Copy the lines below word for word, skipping any image.

--- Extracted data Enclosed Below ---

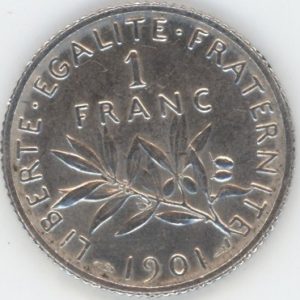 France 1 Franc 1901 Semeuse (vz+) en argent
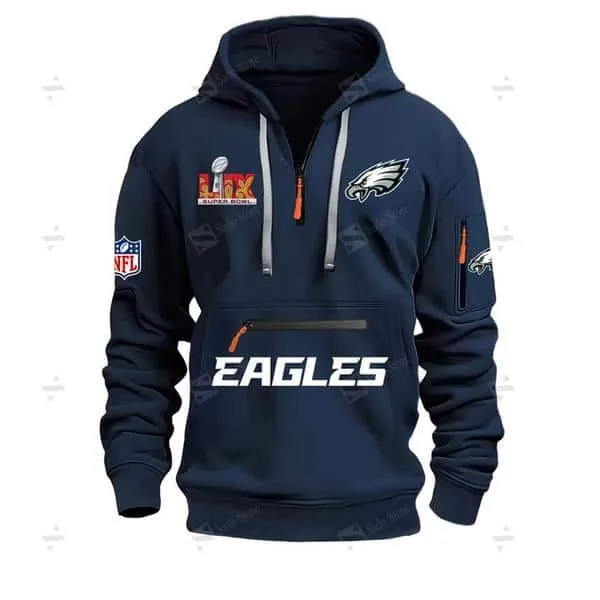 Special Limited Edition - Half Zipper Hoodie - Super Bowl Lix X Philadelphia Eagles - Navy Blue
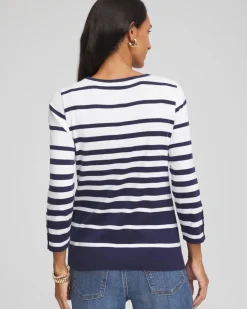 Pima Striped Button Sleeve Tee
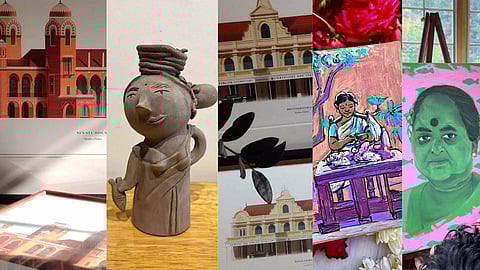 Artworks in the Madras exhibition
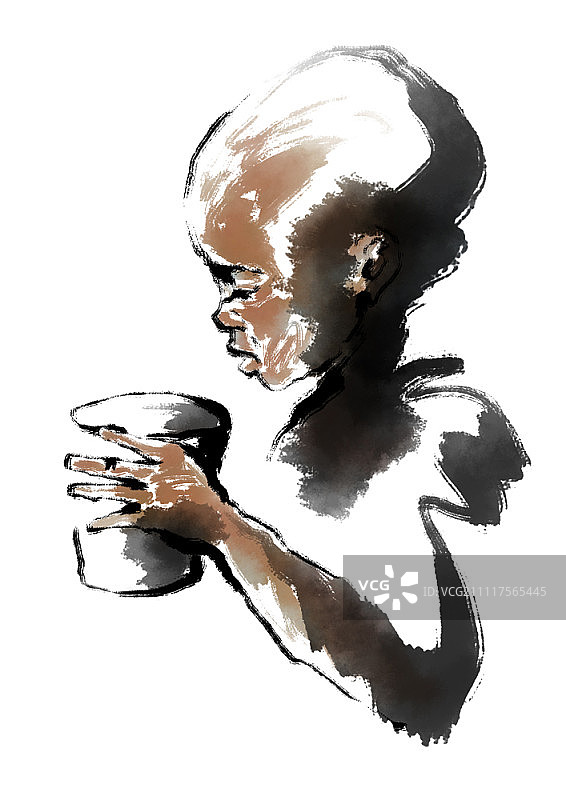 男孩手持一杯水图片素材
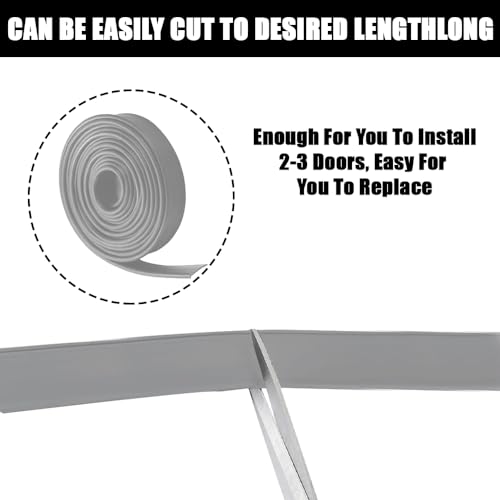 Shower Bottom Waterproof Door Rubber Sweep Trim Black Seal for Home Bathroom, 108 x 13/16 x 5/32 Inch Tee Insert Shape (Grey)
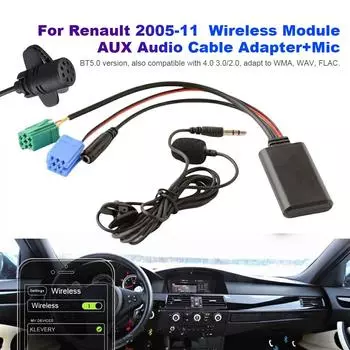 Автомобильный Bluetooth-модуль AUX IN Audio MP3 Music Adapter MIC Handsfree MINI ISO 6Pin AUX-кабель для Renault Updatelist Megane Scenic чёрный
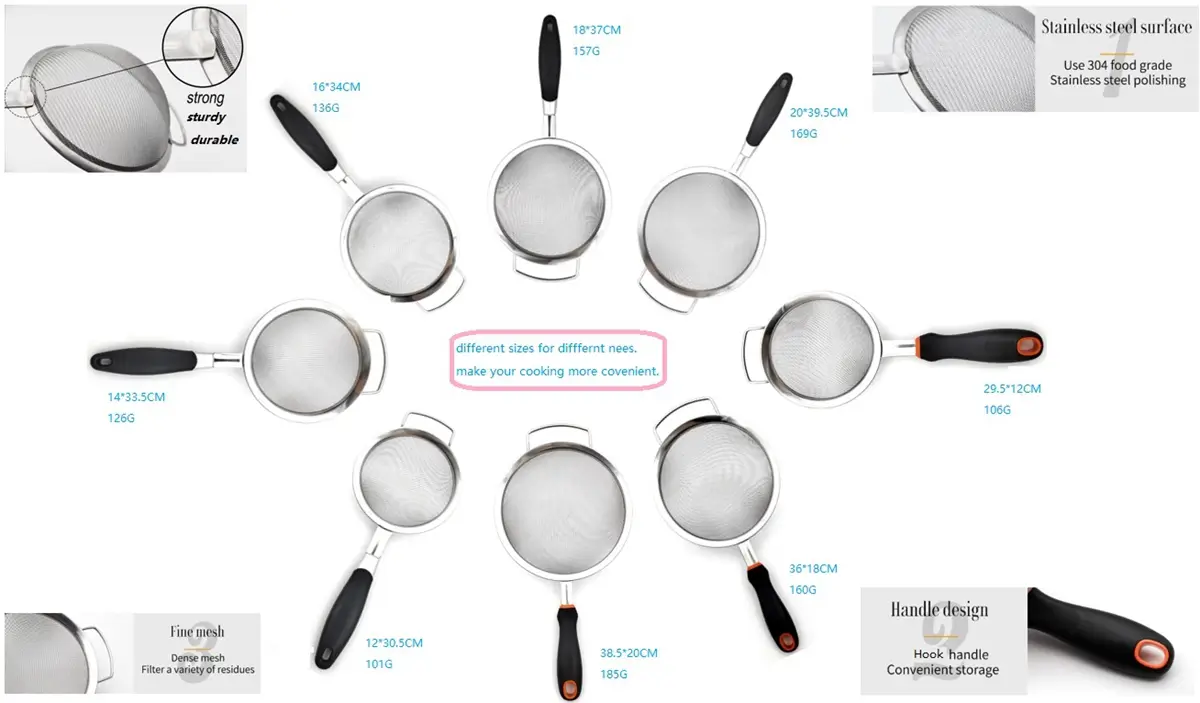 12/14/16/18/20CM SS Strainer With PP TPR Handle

--- End of Enclosed Extracted data ---

- **Solution**:
 France 1 Franc 1901 Semeuse (vz+) en argent
 Special Limited Edition - Half Zipper Hoodie - Super Bowl Lix X Philadelphia Eagles - Navy Blue
 Pima Striped Button Sleeve Tee
 Artworks in the Madras exhibition
 男孩手持一杯水图片素材
 Shower Bottom Waterproof Door Rubber Sweep Trim Black Seal for Home Bathroom, 108 x 13/16 x 5/32 Inch Tee Insert Shape (Grey)
 Автомобильный Bluetooth-модуль AUX IN Audio MP3 Music Adapter MIC Handsfree MINI ISO 6Pin AUX-кабель для Renault Updatelist Megane Scenic чёрный
 12/14/16/18/20CM SS Strainer With PP TPR Handle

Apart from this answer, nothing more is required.